= Beginning of Section =
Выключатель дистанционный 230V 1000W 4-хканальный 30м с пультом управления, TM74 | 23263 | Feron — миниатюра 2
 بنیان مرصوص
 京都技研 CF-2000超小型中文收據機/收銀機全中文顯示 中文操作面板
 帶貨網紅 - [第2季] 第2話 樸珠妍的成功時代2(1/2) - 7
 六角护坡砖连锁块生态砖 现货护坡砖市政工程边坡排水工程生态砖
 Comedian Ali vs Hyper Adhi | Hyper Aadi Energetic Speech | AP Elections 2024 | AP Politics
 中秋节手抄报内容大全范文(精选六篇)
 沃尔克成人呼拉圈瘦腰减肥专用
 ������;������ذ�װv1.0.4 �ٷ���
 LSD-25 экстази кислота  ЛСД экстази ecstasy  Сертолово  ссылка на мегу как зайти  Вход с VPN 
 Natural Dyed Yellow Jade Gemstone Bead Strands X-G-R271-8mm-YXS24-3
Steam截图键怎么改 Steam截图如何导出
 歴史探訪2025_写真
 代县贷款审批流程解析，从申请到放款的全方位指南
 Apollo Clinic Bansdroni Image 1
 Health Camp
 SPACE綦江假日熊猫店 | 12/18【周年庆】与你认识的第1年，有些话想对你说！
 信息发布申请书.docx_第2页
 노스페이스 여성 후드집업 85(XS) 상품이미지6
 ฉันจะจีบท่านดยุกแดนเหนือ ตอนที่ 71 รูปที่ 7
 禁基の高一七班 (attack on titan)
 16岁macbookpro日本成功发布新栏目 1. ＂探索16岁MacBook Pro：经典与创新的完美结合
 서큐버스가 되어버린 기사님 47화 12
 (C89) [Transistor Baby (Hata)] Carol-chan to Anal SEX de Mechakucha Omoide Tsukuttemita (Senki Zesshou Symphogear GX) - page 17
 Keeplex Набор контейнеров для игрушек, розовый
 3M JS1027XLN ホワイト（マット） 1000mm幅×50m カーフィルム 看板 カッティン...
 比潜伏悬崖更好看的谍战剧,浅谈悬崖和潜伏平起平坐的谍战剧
= End of Section =
What you give back should be only the lines of the records above, starting at the line with "中秋节手抄报内容大全范文(精选六篇)" and ending at the line with "禁基の高一七班 (attack on titan)", restated word for word.

 中秋节手抄报内容大全范文(精选六篇)
 沃尔克成人呼拉圈瘦腰减肥专用
 ������;������ذ�װv1.0.4 �ٷ���
 LSD-25 экстази кислота  ЛСД экстази ecstasy  Сертолово  ссылка на мегу как зайти  Вход с VPN 
 Natural Dyed Yellow Jade Gemstone Bead Strands X-G-R271-8mm-YXS24-3
Steam截图键怎么改 Steam截图如何导出
 歴史探訪2025_写真
 代县贷款审批流程解析，从申请到放款的全方位指南
 Apollo Clinic Bansdroni Image 1
 Health Camp
 SPACE綦江假日熊猫店 | 12/18【周年庆】与你认识的第1年，有些话想对你说！
 信息发布申请书.docx_第2页
 노스페이스 여성 후드집업 85(XS) 상품이미지6
 ฉันจะจีบท่านดยุกแดนเหนือ ตอนที่ 71 รูปที่ 7
 禁基の高一七班 (attack on titan)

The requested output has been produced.